名古屋商工会議所の加留部副会頭は「全国各地の企業で人手不足が大きな課題になってきている」と指摘した上で、その解消のために「多様な機器を通信でつなぐモノのインターネット(IoT)を含めたデジタルテクノロジーなど活用したり、現場の作業をより効率化する工夫をしたりするなど中小企業の経営者の方々が、悩みながら取り組まれている」と現状を語った。
「今回のアワード創設によって、他社の取り組みの事例を知っていただき、自社でも応用することで、経営者のみなさんに勇気を持って、課題に立ち向かっていただきたい」と呼びかけた。
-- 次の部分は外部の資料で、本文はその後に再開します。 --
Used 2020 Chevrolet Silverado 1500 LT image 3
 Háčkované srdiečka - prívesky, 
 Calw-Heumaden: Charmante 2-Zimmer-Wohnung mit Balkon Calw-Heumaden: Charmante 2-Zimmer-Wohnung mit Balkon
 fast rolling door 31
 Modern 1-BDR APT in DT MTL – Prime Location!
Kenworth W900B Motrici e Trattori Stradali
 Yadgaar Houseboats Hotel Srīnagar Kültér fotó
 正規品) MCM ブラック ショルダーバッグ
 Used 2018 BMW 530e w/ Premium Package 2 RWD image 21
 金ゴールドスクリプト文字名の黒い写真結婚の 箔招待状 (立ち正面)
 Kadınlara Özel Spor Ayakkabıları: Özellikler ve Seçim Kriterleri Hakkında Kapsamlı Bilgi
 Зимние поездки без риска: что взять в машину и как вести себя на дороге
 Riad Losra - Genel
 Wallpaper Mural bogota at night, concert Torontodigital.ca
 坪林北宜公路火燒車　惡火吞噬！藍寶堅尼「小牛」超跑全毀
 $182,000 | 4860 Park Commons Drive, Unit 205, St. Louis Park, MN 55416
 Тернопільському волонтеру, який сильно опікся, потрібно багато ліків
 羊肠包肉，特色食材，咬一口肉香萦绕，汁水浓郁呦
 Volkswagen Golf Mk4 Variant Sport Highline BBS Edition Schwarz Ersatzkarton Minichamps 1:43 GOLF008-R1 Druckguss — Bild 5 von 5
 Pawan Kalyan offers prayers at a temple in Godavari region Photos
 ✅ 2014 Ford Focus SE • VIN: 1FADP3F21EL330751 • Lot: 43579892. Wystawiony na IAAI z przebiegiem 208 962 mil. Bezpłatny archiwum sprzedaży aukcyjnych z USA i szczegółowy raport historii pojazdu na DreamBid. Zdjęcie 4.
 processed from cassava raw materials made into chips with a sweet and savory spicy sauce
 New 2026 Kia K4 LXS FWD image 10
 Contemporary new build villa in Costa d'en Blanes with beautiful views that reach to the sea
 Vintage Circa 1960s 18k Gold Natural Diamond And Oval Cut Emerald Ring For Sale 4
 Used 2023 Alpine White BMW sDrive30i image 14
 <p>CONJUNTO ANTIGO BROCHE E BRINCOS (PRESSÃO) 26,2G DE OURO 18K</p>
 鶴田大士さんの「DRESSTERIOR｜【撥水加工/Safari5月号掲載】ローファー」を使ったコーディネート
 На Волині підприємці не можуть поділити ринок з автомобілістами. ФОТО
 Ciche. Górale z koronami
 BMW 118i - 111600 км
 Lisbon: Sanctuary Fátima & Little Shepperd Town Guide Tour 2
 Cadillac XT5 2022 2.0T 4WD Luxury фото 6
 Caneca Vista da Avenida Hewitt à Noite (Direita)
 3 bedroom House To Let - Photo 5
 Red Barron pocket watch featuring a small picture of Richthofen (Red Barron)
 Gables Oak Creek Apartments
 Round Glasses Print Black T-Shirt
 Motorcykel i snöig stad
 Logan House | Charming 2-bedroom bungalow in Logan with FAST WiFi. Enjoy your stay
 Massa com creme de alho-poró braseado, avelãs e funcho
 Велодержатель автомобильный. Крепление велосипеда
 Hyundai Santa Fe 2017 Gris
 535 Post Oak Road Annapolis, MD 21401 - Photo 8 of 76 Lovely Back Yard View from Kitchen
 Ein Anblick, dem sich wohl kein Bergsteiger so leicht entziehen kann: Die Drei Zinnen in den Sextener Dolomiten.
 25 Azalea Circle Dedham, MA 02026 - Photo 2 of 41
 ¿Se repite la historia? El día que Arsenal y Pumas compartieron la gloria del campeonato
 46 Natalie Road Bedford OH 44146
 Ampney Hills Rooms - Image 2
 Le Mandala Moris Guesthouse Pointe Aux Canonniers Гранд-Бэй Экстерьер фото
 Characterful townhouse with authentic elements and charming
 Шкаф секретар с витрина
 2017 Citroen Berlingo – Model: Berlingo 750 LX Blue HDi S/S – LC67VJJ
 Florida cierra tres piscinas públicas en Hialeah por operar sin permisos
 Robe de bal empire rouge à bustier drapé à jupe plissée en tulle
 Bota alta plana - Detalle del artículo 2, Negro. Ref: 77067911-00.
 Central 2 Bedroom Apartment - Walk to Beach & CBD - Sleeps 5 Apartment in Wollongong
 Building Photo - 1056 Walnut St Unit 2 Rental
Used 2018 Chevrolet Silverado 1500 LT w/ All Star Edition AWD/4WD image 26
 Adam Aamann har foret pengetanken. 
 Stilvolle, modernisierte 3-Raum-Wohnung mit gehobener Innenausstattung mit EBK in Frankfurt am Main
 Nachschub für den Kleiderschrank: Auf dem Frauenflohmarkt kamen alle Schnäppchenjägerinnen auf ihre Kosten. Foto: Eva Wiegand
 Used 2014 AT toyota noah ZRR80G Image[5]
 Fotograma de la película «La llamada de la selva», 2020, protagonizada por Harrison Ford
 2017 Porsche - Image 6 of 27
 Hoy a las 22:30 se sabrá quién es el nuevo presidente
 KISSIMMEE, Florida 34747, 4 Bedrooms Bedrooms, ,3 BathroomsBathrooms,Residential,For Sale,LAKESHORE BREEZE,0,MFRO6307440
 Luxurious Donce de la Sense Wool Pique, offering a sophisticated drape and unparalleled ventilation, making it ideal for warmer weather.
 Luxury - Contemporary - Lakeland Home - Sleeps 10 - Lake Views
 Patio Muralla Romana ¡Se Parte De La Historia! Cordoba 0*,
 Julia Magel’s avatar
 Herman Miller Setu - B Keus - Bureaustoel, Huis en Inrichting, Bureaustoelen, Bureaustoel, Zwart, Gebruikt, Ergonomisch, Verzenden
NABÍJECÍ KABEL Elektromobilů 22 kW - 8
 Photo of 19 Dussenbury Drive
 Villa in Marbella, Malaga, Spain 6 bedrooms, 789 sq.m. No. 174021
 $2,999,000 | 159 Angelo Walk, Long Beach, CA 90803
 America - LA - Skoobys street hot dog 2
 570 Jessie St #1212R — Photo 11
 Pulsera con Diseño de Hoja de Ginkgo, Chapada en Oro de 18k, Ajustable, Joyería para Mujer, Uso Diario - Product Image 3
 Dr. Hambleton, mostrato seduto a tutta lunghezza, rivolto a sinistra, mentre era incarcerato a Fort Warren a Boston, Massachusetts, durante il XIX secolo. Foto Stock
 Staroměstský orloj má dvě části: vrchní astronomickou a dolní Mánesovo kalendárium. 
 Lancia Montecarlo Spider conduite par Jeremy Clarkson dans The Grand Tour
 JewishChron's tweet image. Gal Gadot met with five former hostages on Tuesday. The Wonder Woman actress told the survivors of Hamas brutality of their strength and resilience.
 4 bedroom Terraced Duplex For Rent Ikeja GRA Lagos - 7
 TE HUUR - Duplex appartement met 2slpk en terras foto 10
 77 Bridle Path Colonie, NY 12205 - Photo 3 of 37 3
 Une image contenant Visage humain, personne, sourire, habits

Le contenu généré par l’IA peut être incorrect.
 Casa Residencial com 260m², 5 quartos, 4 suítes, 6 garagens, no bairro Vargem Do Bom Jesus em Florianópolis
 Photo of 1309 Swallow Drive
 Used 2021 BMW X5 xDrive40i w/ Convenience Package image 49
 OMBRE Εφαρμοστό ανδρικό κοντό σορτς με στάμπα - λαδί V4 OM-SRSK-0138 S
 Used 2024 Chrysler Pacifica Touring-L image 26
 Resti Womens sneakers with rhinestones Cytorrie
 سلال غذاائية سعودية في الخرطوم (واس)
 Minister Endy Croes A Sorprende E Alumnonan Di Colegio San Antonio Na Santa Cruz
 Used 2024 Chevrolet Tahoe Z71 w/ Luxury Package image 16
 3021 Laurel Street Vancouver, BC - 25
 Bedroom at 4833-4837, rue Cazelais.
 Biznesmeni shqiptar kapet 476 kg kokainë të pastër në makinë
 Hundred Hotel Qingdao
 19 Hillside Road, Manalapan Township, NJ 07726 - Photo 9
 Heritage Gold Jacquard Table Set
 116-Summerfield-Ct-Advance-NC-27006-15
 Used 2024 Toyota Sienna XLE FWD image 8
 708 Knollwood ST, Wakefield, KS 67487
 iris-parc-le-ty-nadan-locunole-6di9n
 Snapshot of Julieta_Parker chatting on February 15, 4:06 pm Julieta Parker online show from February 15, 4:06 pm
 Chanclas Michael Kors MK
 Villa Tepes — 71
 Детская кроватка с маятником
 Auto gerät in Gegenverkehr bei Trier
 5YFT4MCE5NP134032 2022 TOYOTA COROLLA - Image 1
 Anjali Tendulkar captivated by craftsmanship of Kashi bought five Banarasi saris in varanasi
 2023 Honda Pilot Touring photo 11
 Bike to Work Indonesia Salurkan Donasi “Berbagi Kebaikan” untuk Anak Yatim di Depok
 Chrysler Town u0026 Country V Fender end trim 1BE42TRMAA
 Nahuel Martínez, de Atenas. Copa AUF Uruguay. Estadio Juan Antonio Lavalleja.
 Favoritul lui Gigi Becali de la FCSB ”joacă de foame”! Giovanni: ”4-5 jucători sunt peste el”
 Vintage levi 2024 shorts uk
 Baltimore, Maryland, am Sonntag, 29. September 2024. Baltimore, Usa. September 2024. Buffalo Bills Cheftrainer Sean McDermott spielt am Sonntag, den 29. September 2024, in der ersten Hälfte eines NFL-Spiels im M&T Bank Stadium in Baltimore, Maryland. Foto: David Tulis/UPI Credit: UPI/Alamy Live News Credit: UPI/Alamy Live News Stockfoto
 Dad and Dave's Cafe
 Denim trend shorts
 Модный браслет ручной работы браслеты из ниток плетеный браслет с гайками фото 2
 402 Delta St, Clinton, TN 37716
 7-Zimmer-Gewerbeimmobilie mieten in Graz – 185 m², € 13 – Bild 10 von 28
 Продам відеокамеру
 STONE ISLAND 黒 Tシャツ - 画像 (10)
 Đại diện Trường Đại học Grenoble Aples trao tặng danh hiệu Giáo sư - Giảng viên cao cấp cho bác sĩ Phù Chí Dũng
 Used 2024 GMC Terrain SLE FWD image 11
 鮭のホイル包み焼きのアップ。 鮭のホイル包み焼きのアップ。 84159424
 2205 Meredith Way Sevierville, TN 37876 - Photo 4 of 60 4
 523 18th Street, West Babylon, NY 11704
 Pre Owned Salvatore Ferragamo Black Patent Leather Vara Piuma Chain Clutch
さらに、生産性向上に関連し、次のような好循環が生まれる可能性を強調。「たとえば、現場の作業で事故が起きないよう幾重にもチェックしている部分について、人工知能(AI)などを活用することで、人手がこれまでと比べかからなくする」→「この取り組みを進めると、従業員の安全性が確保された職場づくりにつながる」→「従業員にはこの職場は働きやすい環境だと認識してもらえる」→「安全で働きやすい職場となれば、新規の社員の応募が増える可能性が高まる」。
加留部副会頭は「中小企業のトップの方々は、その会社の事業の隅々まで熟知されている。ただ、DXに関しては、デジタルに強い比較的若い世代の方がよく知っていることが多い。ですので、彼ら彼女から教わるぐらいの気持ちで、経営トップの方々がリーダーシップを発揮していただきたい」と話した。
▼「学ぶことの大切さ」
コロナ禍を経た多くの中小企業にとって、経営環境は厳しさを増している。伸び悩む売上高、円安による輸入物価の上昇、賃上げのプレッシャー、容易ではない価格転嫁など、いくつもの要因が立ちはだかるからだ。
選考委員長で、経営学が専門の犬塚教授は今回のアワードの狙いについて「コロナ禍を乗り越えてこられた多くの中小企業にとっては、今後の成長を見据えれば、時代の流れに応じた変革が迫られている」と話す。ただ、「自分たちがどのように変わっていけばよいのか、自問自答されているオーナーの方々も多いので、アワードに集まった他社の事例を参考にしていただき、変わるきっかけにつなげていただきたい」と期待感を示した。
犬塚教授は生産性向上には「企業の経営者さんたちが、同業他社をはじめ業界の垣根を越えた取り組み事例を学ぶことが大切なことだ」と指摘。「中小企業の経営者の方々は、それまでの経験則で(問題が起きた場合でも)うまく乗り切ってしまうケースが多く、残念ながら、他社から学ぶという姿勢があまりないように感じる」と述べ、学びの必要性を強調した。
NAGOYA DX・生産性向上アワードの募集は、8月26日(月)正午まで受け付けている。